◆ Data excerpts ◆
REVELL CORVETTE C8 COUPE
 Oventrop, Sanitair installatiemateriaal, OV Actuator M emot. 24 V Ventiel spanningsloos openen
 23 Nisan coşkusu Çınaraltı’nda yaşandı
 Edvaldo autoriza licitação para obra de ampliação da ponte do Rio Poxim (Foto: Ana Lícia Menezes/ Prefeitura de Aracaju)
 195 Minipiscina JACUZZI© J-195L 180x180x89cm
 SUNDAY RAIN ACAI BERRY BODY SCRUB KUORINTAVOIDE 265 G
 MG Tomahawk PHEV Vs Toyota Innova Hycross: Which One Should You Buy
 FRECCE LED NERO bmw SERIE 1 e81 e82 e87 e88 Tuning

◆ What you should do ◆
Word for word, copy the material above.

◆ Response to the task ◆
REVELL CORVETTE C8 COUPE
 Oventrop, Sanitair installatiemateriaal, OV Actuator M emot. 24 V Ventiel spanningsloos openen
 23 Nisan coşkusu Çınaraltı’nda yaşandı
 Edvaldo autoriza licitação para obra de ampliação da ponte do Rio Poxim (Foto: Ana Lícia Menezes/ Prefeitura de Aracaju)
 195 Minipiscina JACUZZI© J-195L 180x180x89cm
 SUNDAY RAIN ACAI BERRY BODY SCRUB KUORINTAVOIDE 265 G
 MG Tomahawk PHEV Vs Toyota Innova Hycross: Which One Should You Buy
 FRECCE LED NERO bmw SERIE 1 e81 e82 e87 e88 Tuning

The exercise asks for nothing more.